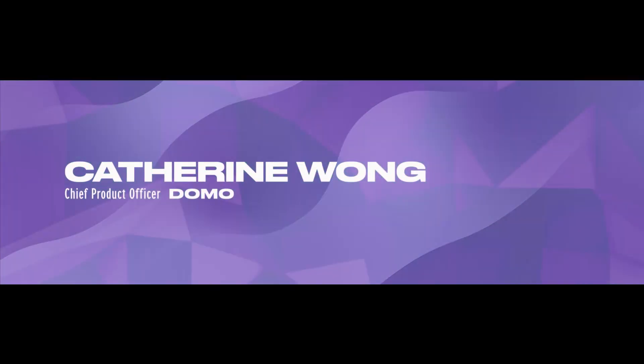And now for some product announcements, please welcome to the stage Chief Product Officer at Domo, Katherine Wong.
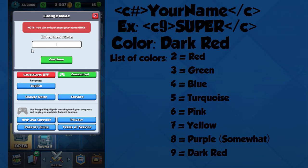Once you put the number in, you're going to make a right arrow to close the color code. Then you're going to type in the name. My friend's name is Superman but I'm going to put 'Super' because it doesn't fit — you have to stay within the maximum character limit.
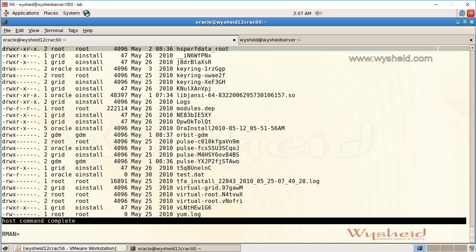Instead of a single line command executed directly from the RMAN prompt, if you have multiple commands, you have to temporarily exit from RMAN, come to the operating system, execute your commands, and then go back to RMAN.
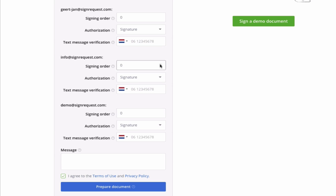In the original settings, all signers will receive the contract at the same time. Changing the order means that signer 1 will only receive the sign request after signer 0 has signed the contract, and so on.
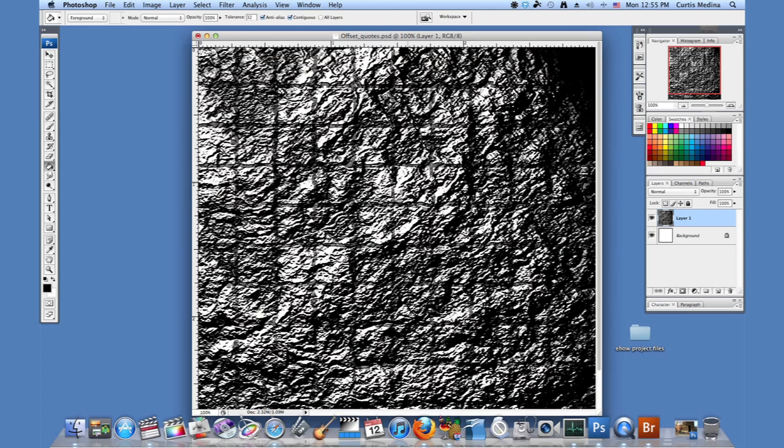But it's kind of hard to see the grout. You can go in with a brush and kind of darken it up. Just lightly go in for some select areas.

------------

**Instructions to follow**:
Every line of the material should be repeated precisely; pictures are to be excluded.

**Solution for this exercise**:
And now for some product announcements, please welcome to the stage Chief Product Officer at Domo, Katherine Wong.
Once you put the number in, you're going to make a right arrow to close the color code. Then you're going to type in the name. My friend's name is Superman but I'm going to put 'Super' because it doesn't fit — you have to stay within the maximum character limit.
Instead of a single line command executed directly from the RMAN prompt, if you have multiple commands, you have to temporarily exit from RMAN, come to the operating system, execute your commands, and then go back to RMAN.
In the original settings, all signers will receive the contract at the same time. Changing the order means that signer 1 will only receive the sign request after signer 0 has signed the contract, and so on.
But it's kind of hard to see the grout. You can go in with a brush and kind of darken it up. Just lightly go in for some select areas.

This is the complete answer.